Adobe finally admit Flash is dead with the new Adobe Edge

Adobe have announced the launch of a new tool called Adobe Edge, the HTML5 Web Motion and Interaction Design Tool.

The free download of the BETA version of the software will allow web designers to create animation in HTML5 and CSS3 as opposed to Flash.

Ever since Steve Jobs banned Flash from iOS there has been much debate over it’s future. Adobe always stuck by it’s product, but this is a turning point seeing the company covering all bases.

When it comes down to it though, HTML5 is a web standard and Flash is just a 3rd party platform. This statement alone guarantees that HTML5 will dominate Flash and wil be the the default for web based animation and any kind of intereactive content in the future.

Adobe said, “Adobe Systems Incorporated today announced the first public preview release of Adobe Edge, a new HTML5 web motion and interaction design tool that allows web designers to bring animation, similar to that created in Flash Professional, to websites using standards likes HTML, JavaScript and CSS.”

Adobe Edge is being offered as a free preview download from Adobe’s Web site. Mr. Anders of Adobe said it was expected to be introduced to the public in 2012.

Grab it here:

DOWNLOAD ADOBE EDGE

Comments
One Response to “Adobe finally admit Flash is dead with the new Adobe Edge”
  1. is this really an admission that flash is dead? flash offers the same video capabilities and seamless version updates no matter what the platform. allowing mpeg4/h.264 video and mpeg4/aac + mp3 audio. with html5, chrome supports only webm, firefox supports only theora and IE/Safari support only h.264. so now we need to detect which formats a browser supports and offer up that format, something html5 was supposed to stop.
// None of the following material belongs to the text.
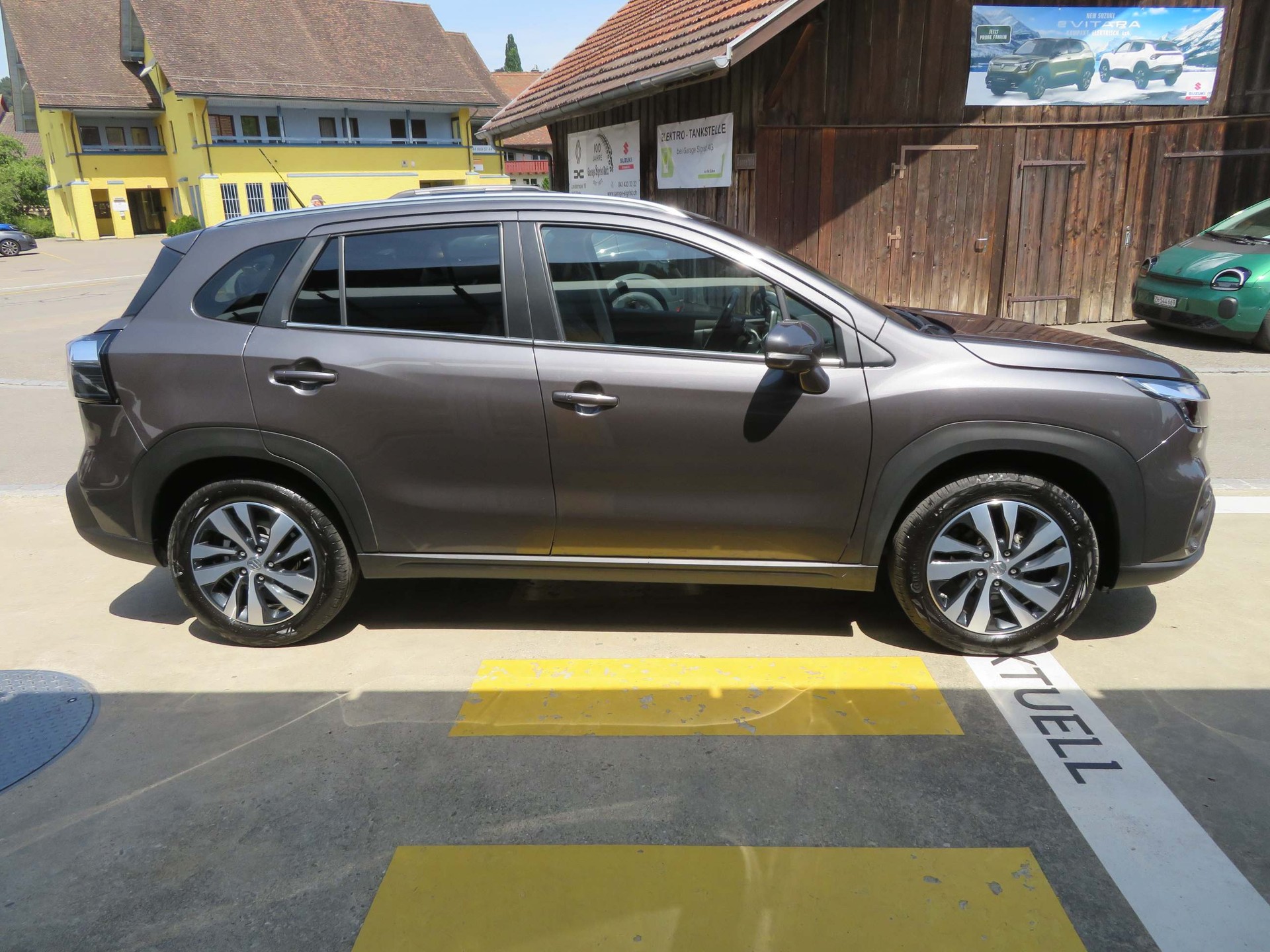 SUZUKI S-Cross 1.5 Compact Top Hybrid 4x4-image-4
IE, Chrome, Firefox 3 and below, Firefox 4 and above and Safari all have totally unquiely different javascript engines that all behave in different ways, so all the different behaviour will have to be abstracted away with the likes of jquery or prototype. Canvas works differently depending on not only the individual browser, but the platform, and browser versions, such as IE9 supports all standard canvas extensions, plus directx 10. ie10 supports dx11. firefox doesnt support any directx, but does support webgl, chrome supports bits of webgl that google like, and is heavily sandboxed, slowing it down, and making sure that true hardware acceleration will never be as affective as a full GL or DX implementation, and safari doesnt support any hardware acceleration as of yet.